Katie’s Chicken Pot Pie Filling (Bonus Recipe!)
- 2 chicken breasts, skin-on and bone-in*
- 1/2 medium onion, chopped
- 1-2 celery stalks, chopped
- olive oil (or vegetable/canola oil)
- 1 small bag of frozen mixed vegetables (carrots, beans, peas, etc)
- 1 can cream of chicken soup
- salt and pepper to taste
Put the chicken breasts in a pot and cover with water. Bring to simmer and cook for 30-45 minutes until the chicken is done all the way through. Be sure it stays covered in the water and do not boil it or the chicken will get tough. When chicken is done, remove from pot and set aside to cool. Save chicken broth** to use in filling. While the chicken is cooling, saute onion and celery in skillet in a little olive oil until just starting to get tender. Add in the frozen vegetables to help with flavor and re-constituting. When done sauteing veggies, place in bowl and season with desired amount of salt and pepper. When chicken is cool enough to work with, remove skin and shred chicken away from bone using hands or a fork. Discard skin and bones. Add shredded chicken to bowl with veggies. Add can of cream of chicken soup and a few ladles of the chicken broth. Mix to combine. Add broth, one ladle at a time until you reach your desired filling consistency. Spoon or pour filling into bottom pie crust and top with second crust. Pinch crusts together at edges. Cover edges only of pie with aluminum foil. Bake at 350°F for 35-50 minutes until crust is golden. Remove foil from edges for the last 10-15 minutes of baking time.
*Use skin-on, bone-in chicken for the best flavor.
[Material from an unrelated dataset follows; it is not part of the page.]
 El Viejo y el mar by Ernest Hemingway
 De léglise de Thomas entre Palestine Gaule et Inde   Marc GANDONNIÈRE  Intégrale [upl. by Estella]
**All the water used in boiling the chicken is not used for the recipe. If you want to keep the broth to use for another purpose, add salt, pepper, raw celery, raw carrots, and raw onions to the pot when boiling. Skim off the grease and strain broth and use within a few days, or freeze to use later in other recipes. This is not as good as real chicken stock, but is tasty.